_Exercise prompt_: Nothing outside the lines below from the one containing "I love this" through the one containing "Ever After High" is to be printed; print those exactly, ends included, and drop the pictures.

Exercise material START

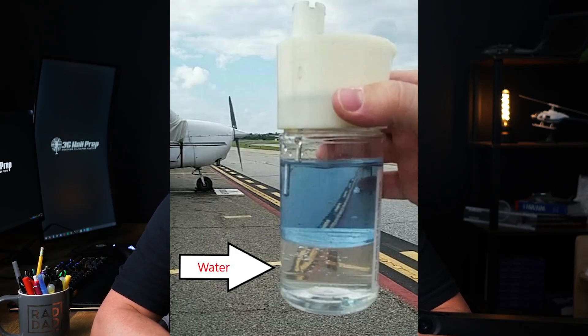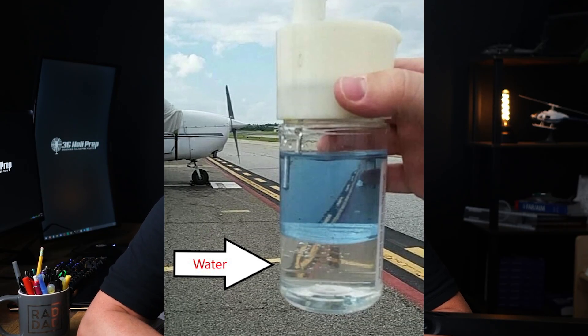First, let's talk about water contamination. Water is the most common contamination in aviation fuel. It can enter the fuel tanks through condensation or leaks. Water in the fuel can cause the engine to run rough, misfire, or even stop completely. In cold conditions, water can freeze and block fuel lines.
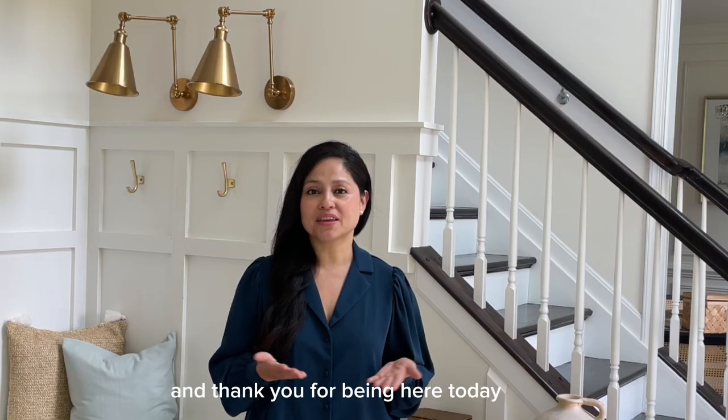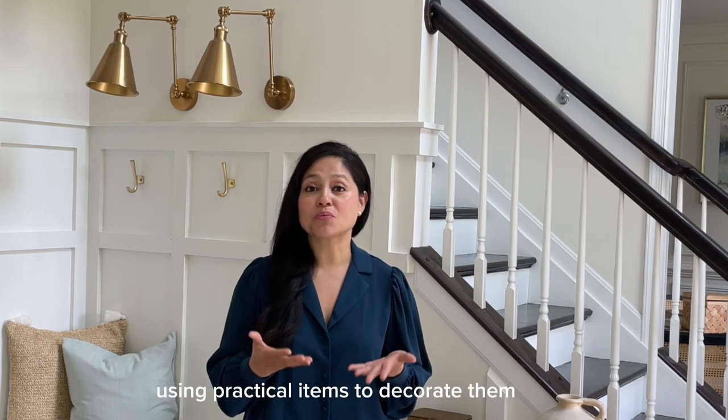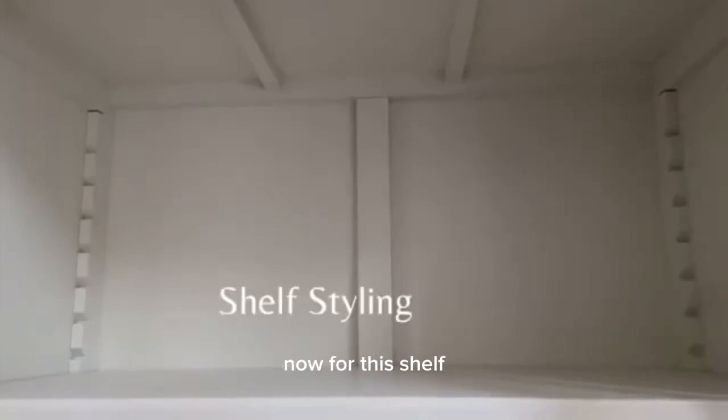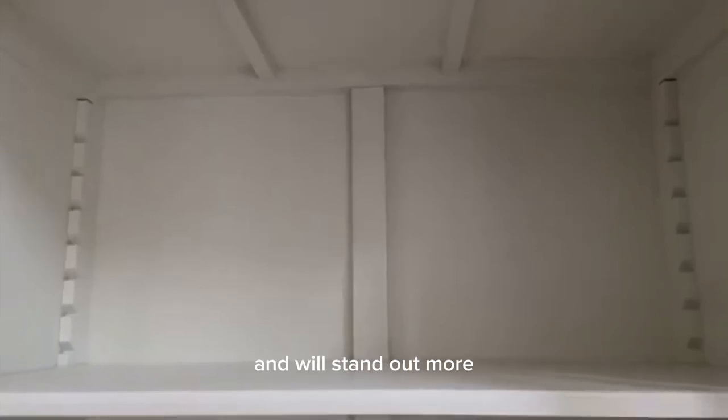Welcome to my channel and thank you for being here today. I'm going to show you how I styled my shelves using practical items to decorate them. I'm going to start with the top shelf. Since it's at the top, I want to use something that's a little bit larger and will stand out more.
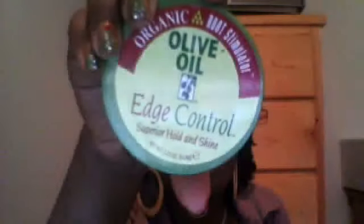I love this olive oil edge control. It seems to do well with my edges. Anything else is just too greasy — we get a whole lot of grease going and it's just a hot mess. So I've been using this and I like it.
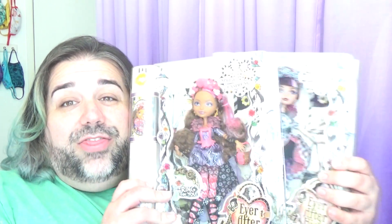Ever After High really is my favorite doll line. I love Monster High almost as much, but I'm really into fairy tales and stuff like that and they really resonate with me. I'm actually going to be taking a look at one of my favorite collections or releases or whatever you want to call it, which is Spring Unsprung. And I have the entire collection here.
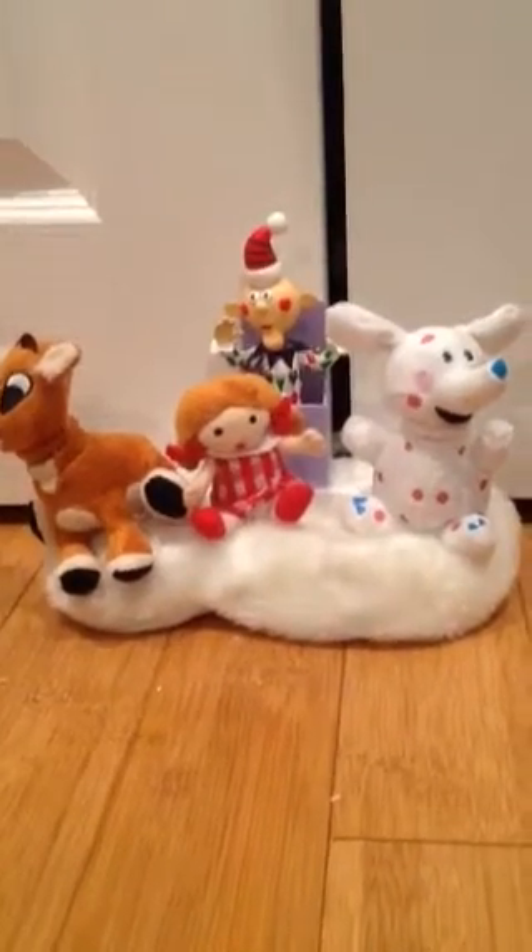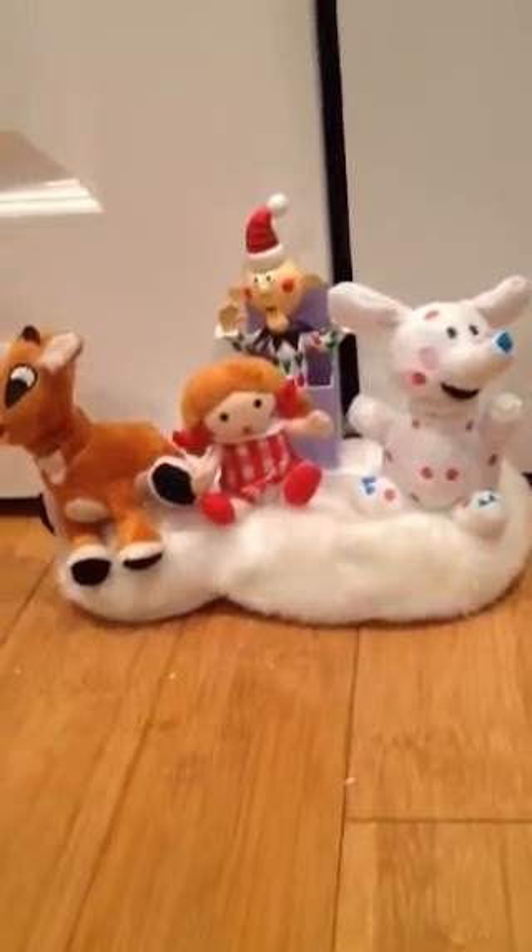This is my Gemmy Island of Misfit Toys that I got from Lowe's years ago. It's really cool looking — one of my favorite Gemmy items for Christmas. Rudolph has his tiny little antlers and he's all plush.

Exercise material END

_Solution to this task_:
I love this olive oil edge control. It seems to do well with my edges. Anything else is just too greasy — we get a whole lot of grease going and it's just a hot mess. So I've been using this and I like it.
Ever After High really is my favorite doll line. I love Monster High almost as much, but I'm really into fairy tales and stuff like that and they really resonate with me. I'm actually going to be taking a look at one of my favorite collections or releases or whatever you want to call it, which is Spring Unsprung. And I have the entire collection here.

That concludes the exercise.